WHAT TO PRODUCE —
Restate all data exactly. No images.

============================================================

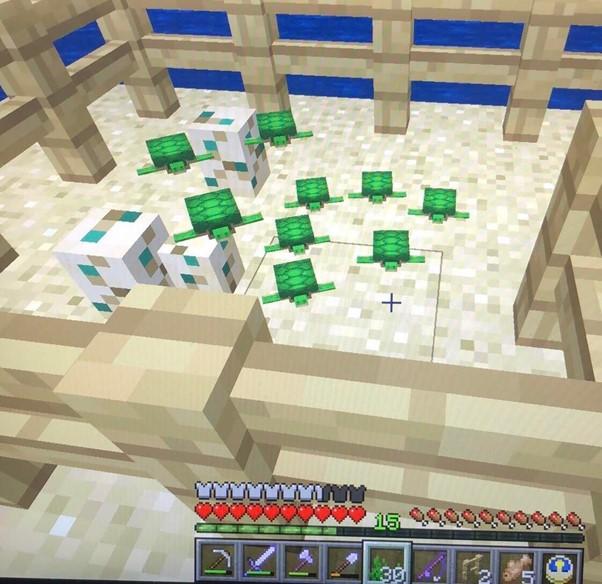 How Long Does It Take For Turtle Eggs To Hatch In Minecraft And Why Total Gaming Network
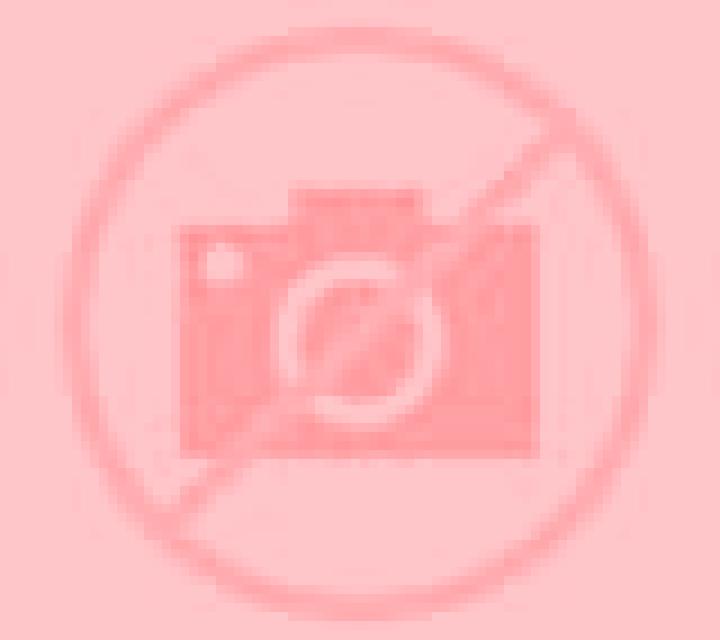 Paula 3 Sebulcor escort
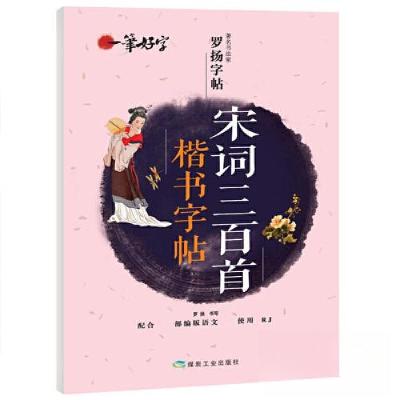 正版新书]一笔好字 著名书法家罗扬字帖:宋词三百首楷书字帖罗扬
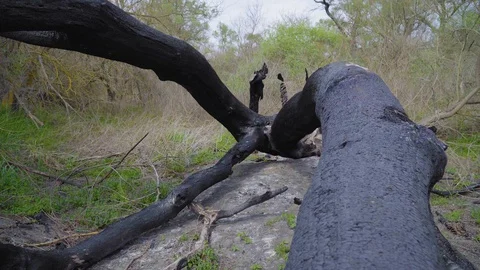 A burnt tree after a lightning strike. Consequences of a forest fire, Russia. 库存影片 128751552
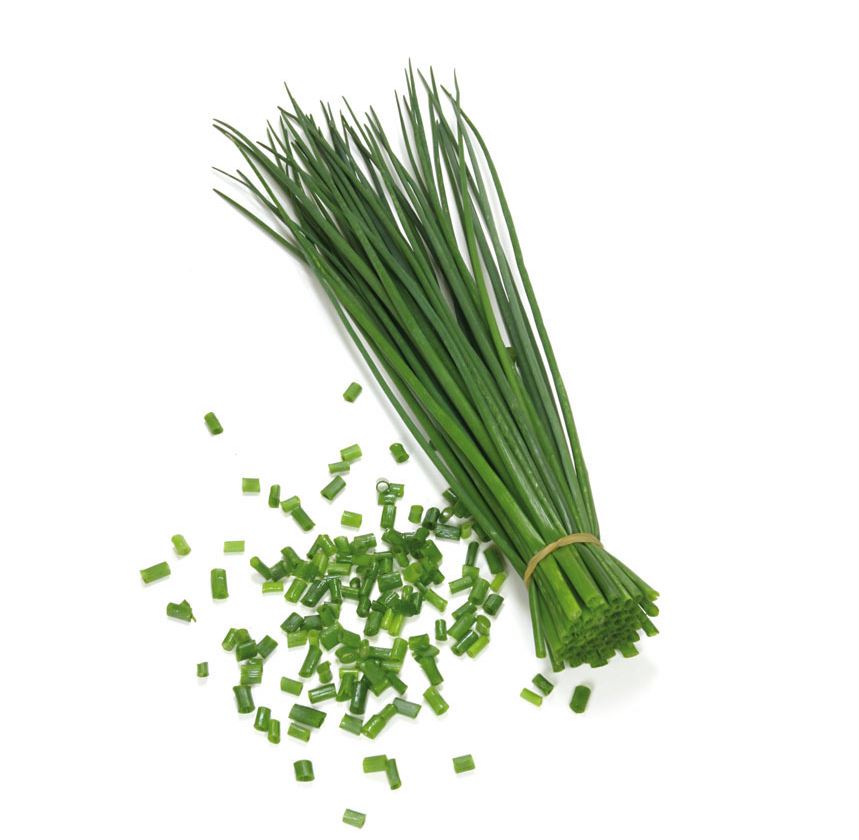 CHIVES ALLIUM SCHOENOPRASUM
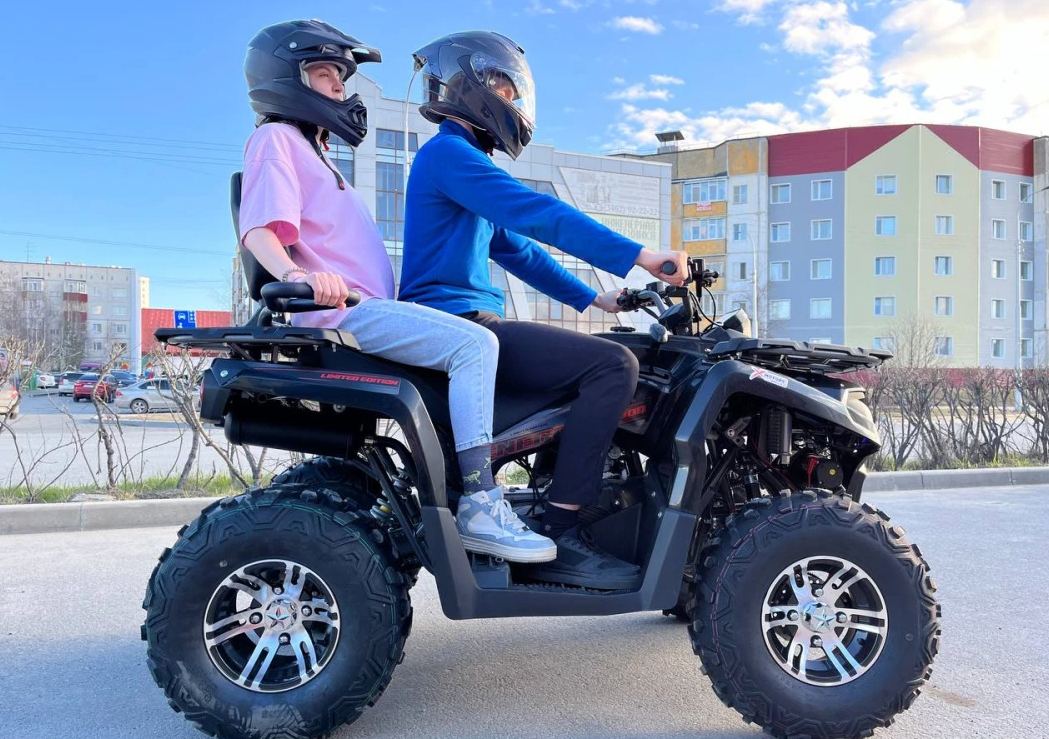 Квадроцикл PROMAX RENEGADE 300 LONG WINCH PRO (2025) в Миассе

============================================================

EXPECTED ANSWER —
 How Long Does It Take For Turtle Eggs To Hatch In Minecraft And Why Total Gaming Network
 Paula 3 Sebulcor escort
 正版新书]一笔好字 著名书法家罗扬字帖:宋词三百首楷书字帖罗扬
 A burnt tree after a lightning strike. Consequences of a forest fire, Russia. 库存影片 128751552
 CHIVES ALLIUM SCHOENOPRASUM
 Квадроцикл PROMAX RENEGADE 300 LONG WINCH PRO (2025) в Миассе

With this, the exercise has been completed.